The following figure shows an overview of the modifications needed to support user-defined layers that are unknown to the SNPE runtime and converters.

There are two main pieces that need to be implemented to add support for user-defined layers:

  • Extend the model converter to handle the weights and parameters for the layer
  • Implement the code needed to execute the layer with SNPE runtime

UDL workflow

Basing a UDL on the Scale Layer in Caffe

For this tutorial, the existing Scale layer implementation in Caffe will be used as the basis.
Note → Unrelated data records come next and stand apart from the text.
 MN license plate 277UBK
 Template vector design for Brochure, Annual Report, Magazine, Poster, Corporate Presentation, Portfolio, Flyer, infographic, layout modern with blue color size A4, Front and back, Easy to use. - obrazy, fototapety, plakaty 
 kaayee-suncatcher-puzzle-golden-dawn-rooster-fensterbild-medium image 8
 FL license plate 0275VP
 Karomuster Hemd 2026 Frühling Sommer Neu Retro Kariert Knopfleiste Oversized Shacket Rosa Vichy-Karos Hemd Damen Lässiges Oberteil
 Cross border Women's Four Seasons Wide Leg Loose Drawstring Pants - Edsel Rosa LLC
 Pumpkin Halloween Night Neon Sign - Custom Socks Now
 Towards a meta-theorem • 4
ScaleParameter prototxt will be re-used to carry the parameters for the custom layer.

  1. Create copies of the Scale layer code

    cp $CAFFE_HOME/include/caffe/layers/scale_layer.hpp $CAFFE_HOME/include/caffe/layers/mycustomscale_layer.hpp
    cp $CAFFE_HOME/src/caffe/layers/scale_layer.cpp $CAFFE_HOME/src/caffe/layers/mycustomscale_layer.cpp
    cp $CAFFE_HOME/src/caffe/layers/ $CAFFE_HOME/src/caffe/layers/

  2. Edit $CAFFE_HOME/include/caffe/layers/mycustomscale_layer.hpp with the following modifications:

    • Rename the class ScaleLayer to MyCustomScaleLayer
    • Rename the class constructor
    • Edit the type() method to return "MyCustomScale" instead of "Scale"
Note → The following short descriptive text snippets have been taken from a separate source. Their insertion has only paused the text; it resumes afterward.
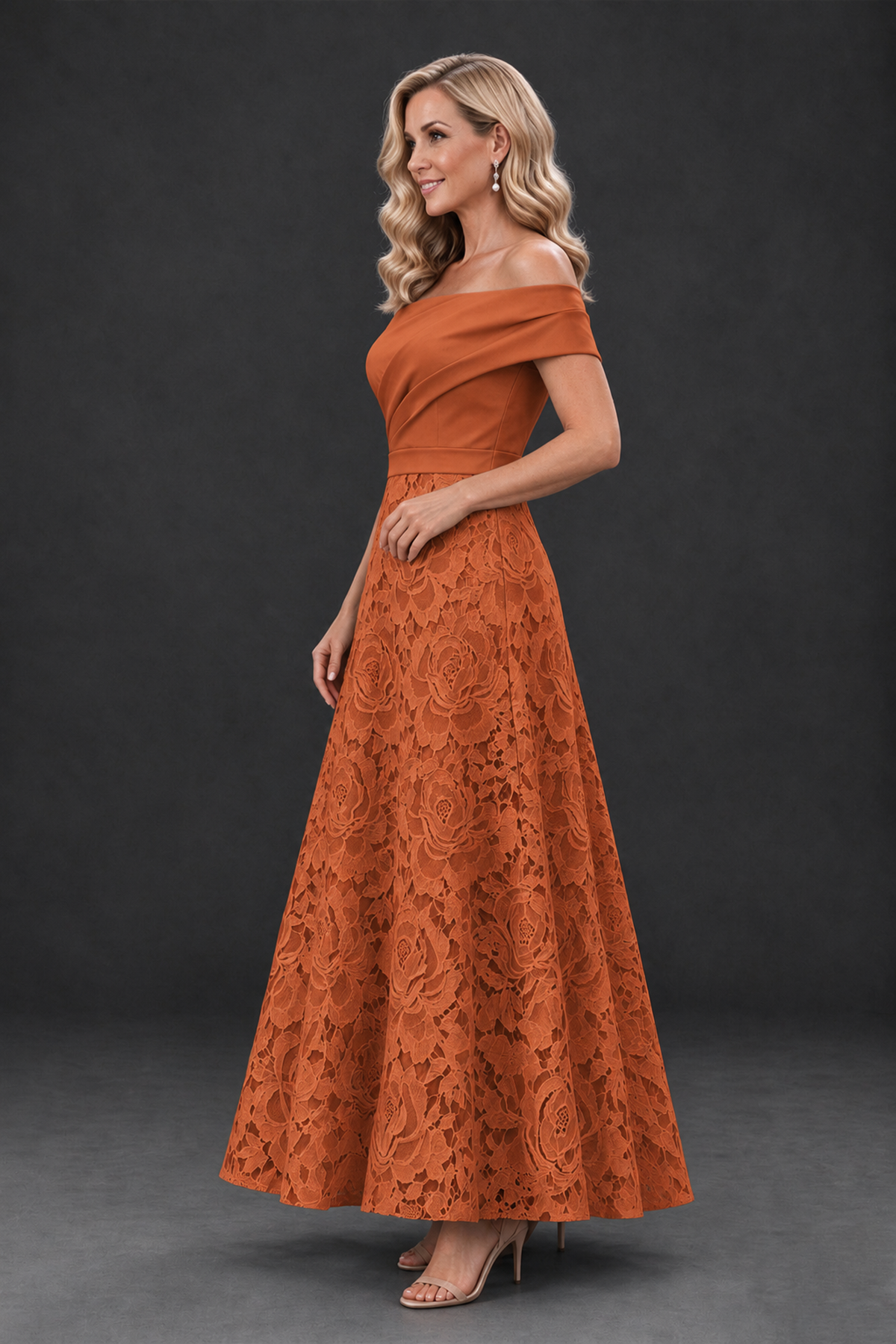 BOLODOO Burnt Orange Off-the-Shoulder Floral A-Line Mother of the Bride Dress - Burnt Orange - Burnt Orange_3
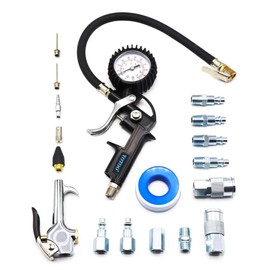 YOTOO Heavy Duty Air Compressor Accessory Kit 18-Piece, 1/4" NPT Air Tool Kit with 100 PSI Tire Inflator Gauge, Heavy Duty Air Blow Gun and Air Hose Fittings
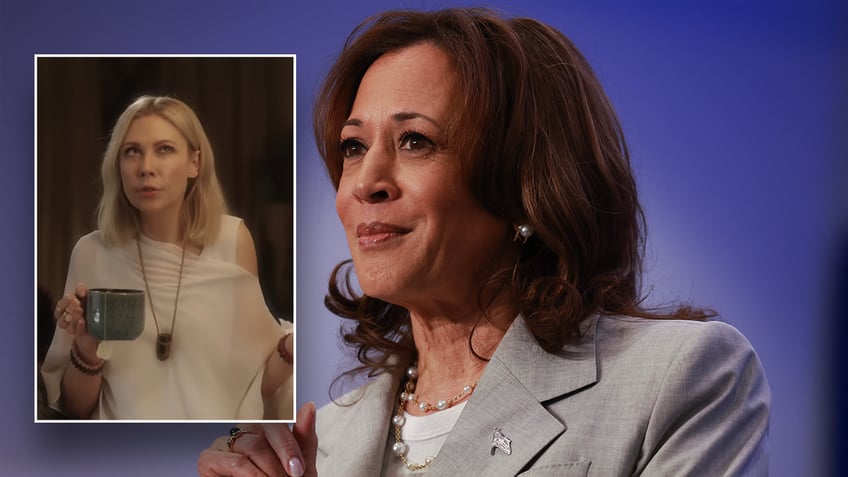 Kamala Harris split image with screenshot from Daily Show skit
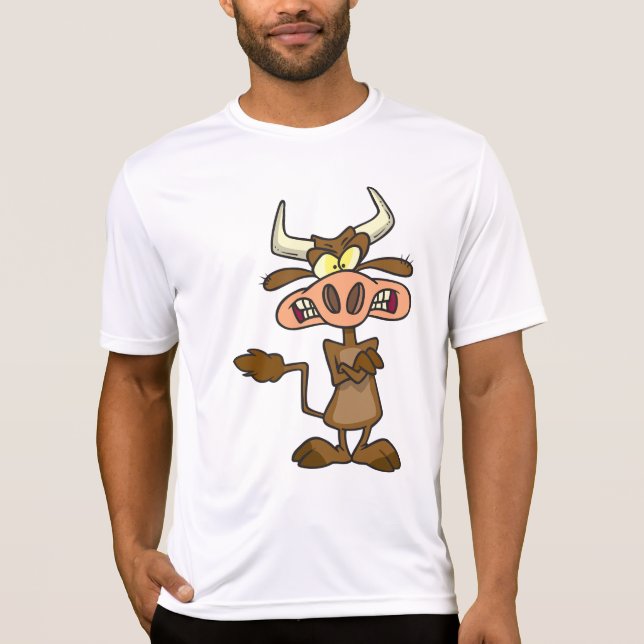 Angry Cartoon Bull Funny Grumpy T-Shirt (Front)
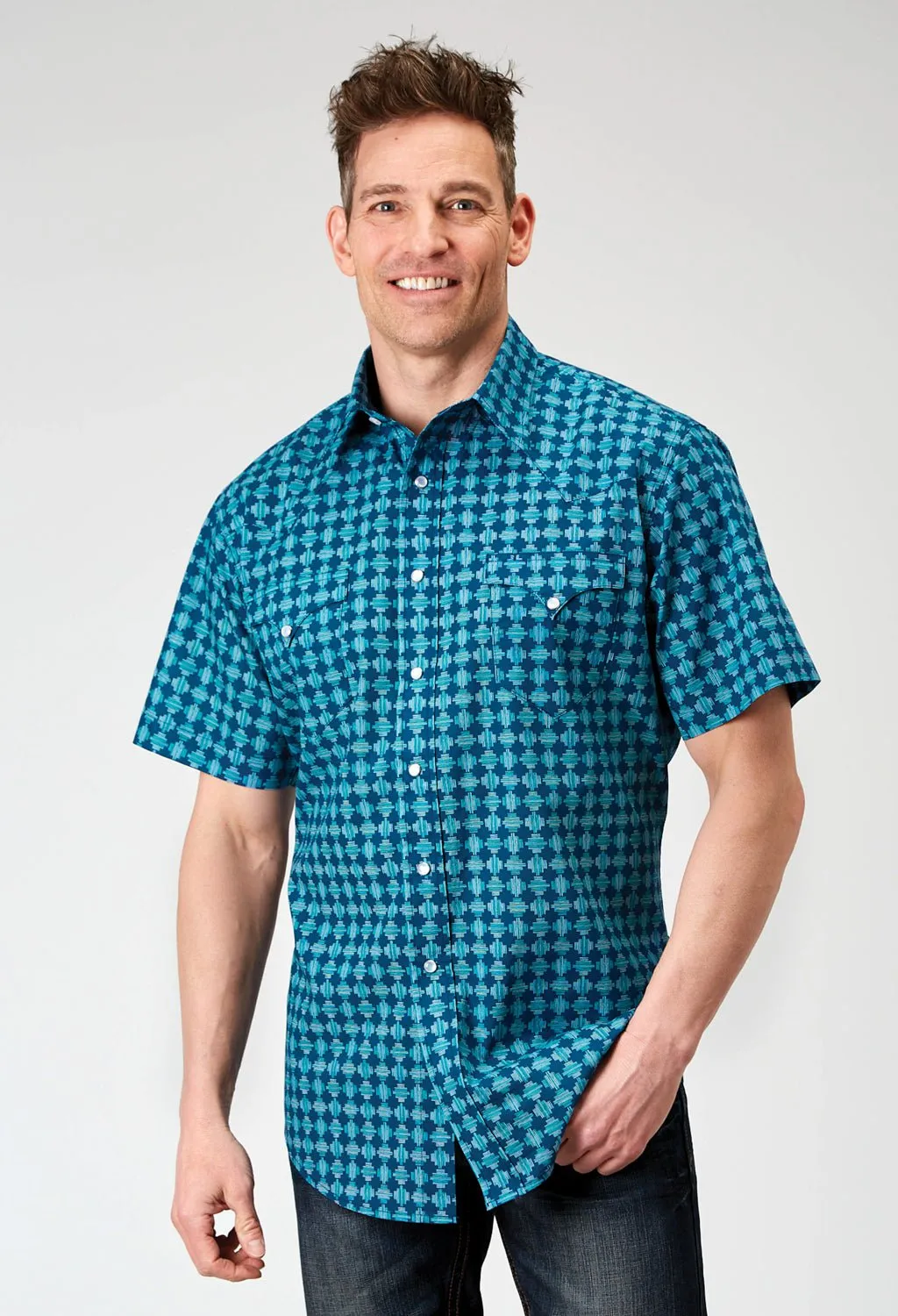 Roper Mens 1894 Scribble Blue 100% Cotton S/S Shirt Flex Fit Collar Stylish Comfort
  3. Edit $CAFFE_HOME/src/caffe/layers/mycustomscale_layer.cpp with the following modifications:

    • Change the #include directive to include mycustomscale_layer.hpp instead of scale_layer.hpp
    • Change all the method definitions to be of class MyCustomScaleLayer instead of ScaleLayer
    • Change the STUB_GPU and INSTANTIATE_CLASS macros to pass MyCustomScaleLayer instead of ScaleLayer
    • Change the REGISTER_LAYER_CLASS macro to pass MyCustomScale instead of Scale

  4. Edit $CAFFE_HOME/src/caffe/layers/ with the following modifications:

    • Change the #include directive to include mycustomscale_layer.hpp instead of scale_layer.hpp
    • Change all the method definitions to be of class MyCustomScaleLayer instead of ScaleLayer
    • Change the INSTANTIATE_LAYER_GPU_FUNCS macro to pass MyCustomScaleLayer instead of ScaleLayer

  5. Rebuild Caffe with the new layer:
    cd $CAFFE_HOME
    make all
    make distribute
    make pycaffe

Training MNIST with Modified LeNet Model that Includes MyCustomScale Layer

Next, add MyCustomScale to the MNIST LeNet model to incorporate the MyCustomScale layer and train it to generate a caffemodel file.
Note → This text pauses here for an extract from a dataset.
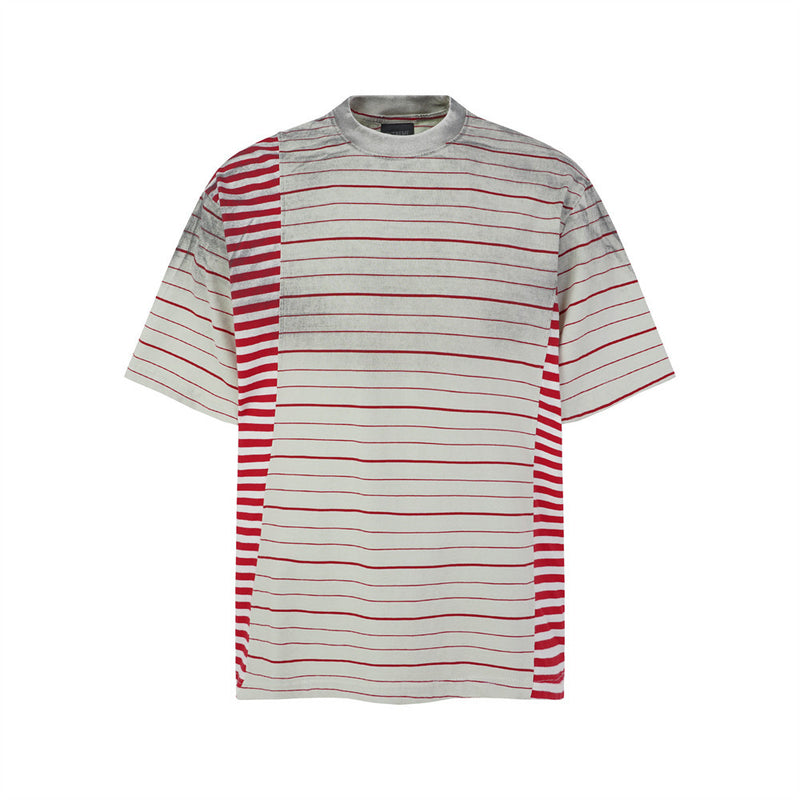 Distressed Stripe Patchwork Oversized T-Shirt | Washed Irregular Spliced Streetw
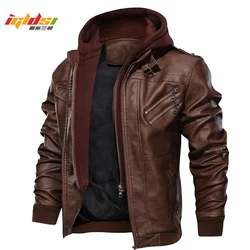 Men's Autumn Winter Motorcycle Leather Jacket Windbreaker Hooded Jackets Male Outwear Warm Baseball Jackets Plus Size 3XL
  1. Follow the LeNet on MNIST Caffe tutorial at to train the unmodified model. This is also required to fetch the MNIST training and testing datasets.

  2. Create copies of the LeNet model and training scripts

    cd $CAFFE_HOME/examples/mnist
    cp lenet.prototxt mycustomlenet.prototxt
    cp lenet_train_test.prototxt mycustomlenet_train_test.prototxt
    cp lenet_solver.prototxt mycustomlenet_solver.prototxt

  3. Edit mycustomlenet.prototxt with the following modifications:

    • Modify the batch dimension of data layer to 1. The modified definition should resemble:
      layer {
        name: "data"
        type: "Input"
        top: "data"
        input_param { shape: { dim: 1 dim: 1 dim: 28 dim: 28 } }
    • Insert MyCustomScale layer after relu1. The layer definition looks as follows:
      layer {
        bottom: "ip1"
        top: "scale"
        name: "scale"
        type: "MyCustomScale"
        scale_param {
          bias_term: false
    • Modify the bottom parameter in the following ip2 layer from ip1 to scale. The modified definition should resemble:
      layer {
        name: "ip2"
        type: "InnerProduct"
        bottom: "scale"
        top: "ip2"

  4. Edit mycustomlenet_train_test.prototxt with the following modifications:

    • Insert MyCustomScale layer after relu1. For the initialization of scale weights, use a filler of zero weights. This ensures that the final trained model is highly sensitive to the scale layer weights. The layer definition should look as follows:
      layer {
        bottom: "ip1"
        top: "scale"
        name: "scale"
        type: "MyCustomScale"
        scale_param {
          bias_term: false
          filler: { value: 0 }
      Note that scale_param is re-used to carry MyCustomScale's parameters.
    • Modify the bottom parameter in the following ip2 layer from ip1 to scale. The modified definition should resemble:
      layer {
        name: "ip2"
        type: "InnerProduct"
        bottom: "scale"
        top: "ip2"

  5. Edit mycustomlenet_solver.prototxt with the following modifications:

    • Modify the 'net' parameter to point to mycustomlenet_train_test.prototxt
    • Modify the 'snapshot_prefix' parameter to be "examples/mnist/mycustomlenet"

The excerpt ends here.